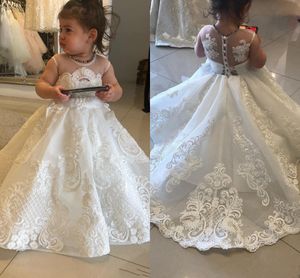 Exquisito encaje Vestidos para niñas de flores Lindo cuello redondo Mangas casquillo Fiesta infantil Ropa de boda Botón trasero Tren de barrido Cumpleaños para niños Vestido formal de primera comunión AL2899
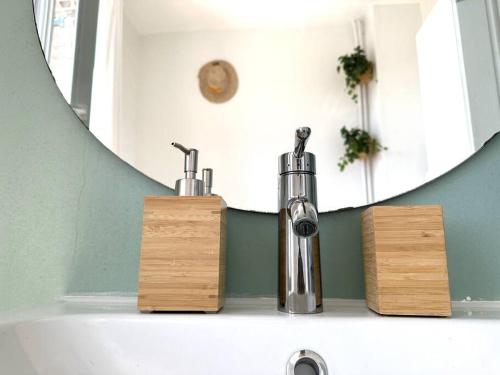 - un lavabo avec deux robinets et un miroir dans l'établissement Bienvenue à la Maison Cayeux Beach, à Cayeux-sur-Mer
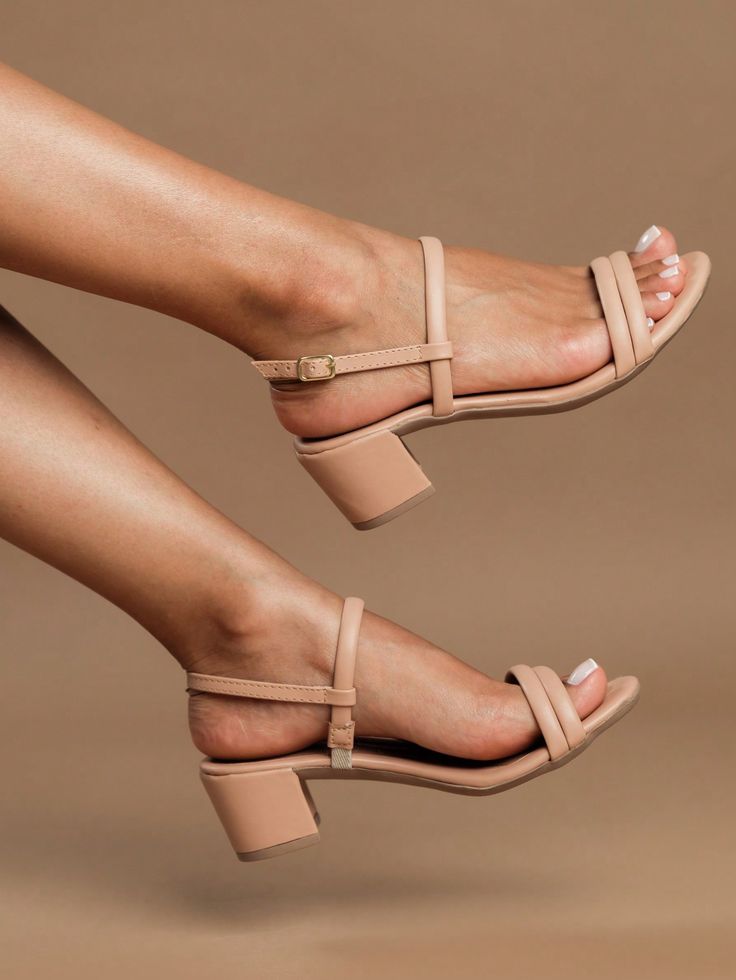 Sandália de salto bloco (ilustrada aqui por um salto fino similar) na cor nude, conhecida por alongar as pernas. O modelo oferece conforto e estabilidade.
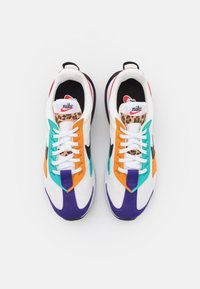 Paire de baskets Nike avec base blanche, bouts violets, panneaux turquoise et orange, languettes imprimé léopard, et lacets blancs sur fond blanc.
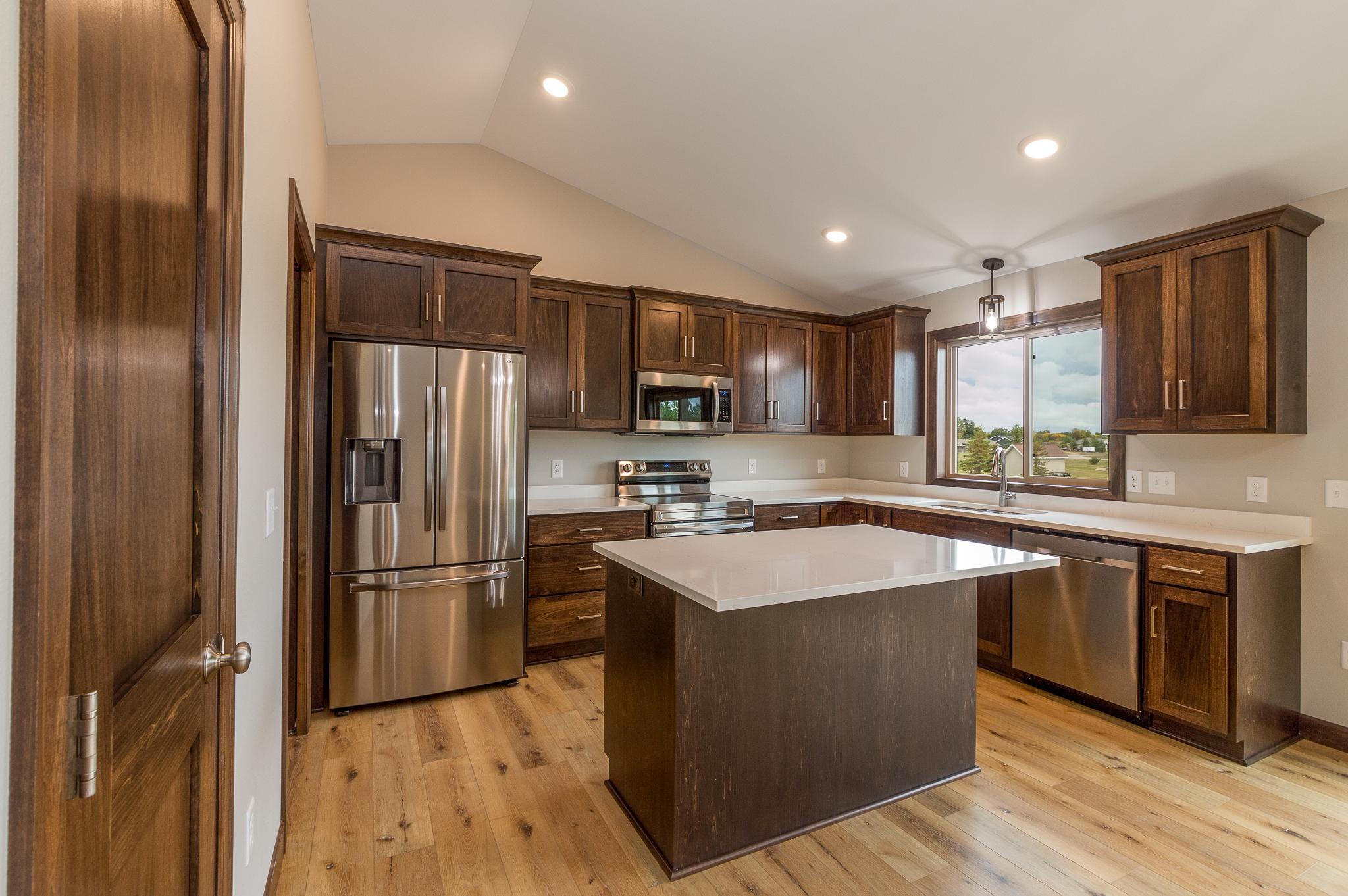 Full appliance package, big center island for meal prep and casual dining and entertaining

==

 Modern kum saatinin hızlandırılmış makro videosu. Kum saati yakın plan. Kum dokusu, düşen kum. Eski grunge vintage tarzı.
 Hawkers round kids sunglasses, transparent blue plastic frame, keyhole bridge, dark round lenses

• Problem description:
Write out word for word the lines of the listing above from the line with "- un lavabo" to the line with "Full appliance package, big", taking in both of those lines but no pictures.

• Output for this exercise:
 - un lavabo avec deux robinets et un miroir dans l'établissement Bienvenue à la Maison Cayeux Beach, à Cayeux-sur-Mer
 Sandália de salto bloco (ilustrada aqui por um salto fino similar) na cor nude, conhecida por alongar as pernas. O modelo oferece conforto e estabilidade.
 Paire de baskets Nike avec base blanche, bouts violets, panneaux turquoise et orange, languettes imprimé léopard, et lacets blancs sur fond blanc.
 Full appliance package, big center island for meal prep and casual dining and entertaining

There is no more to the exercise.